The Artaria publishing house was Mozart's most significant contemporary printer, issuing 45 editions of his music between 1781 and 1791. But Mozart's contact with the firm is documented by very little hard evidence. This creates two problems. First, without knowledge of the extent of the composer's involvement, the textual value and filiation of many first editions is difficult to assess. Secondly, the significance of Mozart's publishing income is left to the realm of speculation.

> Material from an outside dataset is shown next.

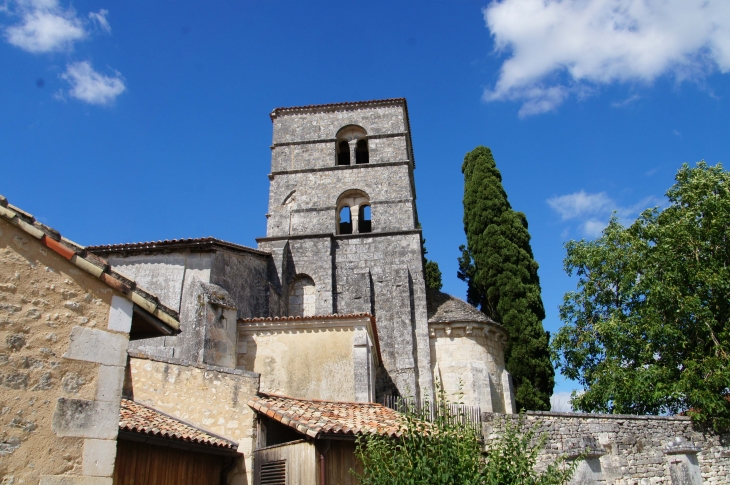 Le clocher et l'abside de l'églie Saint_pierre. - Édon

The inventory ledgers of the Artaria firm have hitherto aroused little scholarly attention. Yet, as the only major products of the company's administration to survive from the eighteenth century, they are important archival sources for Mozart's dealings with the publisher. This dissertation evaluates four ledgers, compiled between 1784 and 1793, from a source-critical perspective. First, I define the parameters within which the ledgers were written and locate them in the context of the firm's ownership, administration and bookkeeping. This approach leads to a re-assessment of their application to bibliographical research and allows the scope of inquiry to be widened to include issues of distribution, production and finance. Mozart's contact with Artaria is discussed in the light of three new documents: a list of manuscripts recorded in Ledger 4; and entries in Ledgers 3 and 4 showing debts due to the firm in 1784 and 1787.
There are two contrasting outcomes. Although Artaria's printing capacity was limited during Mozart's lifetime, the firm stocked and exported more copies of his music in comparison to any other composer in the catalogue before 1791. Mozart, however, failed to complete important commissions, ran up substantial debts and evidently remained ambivalent towards print as a source of income and as a vehicle for transmission.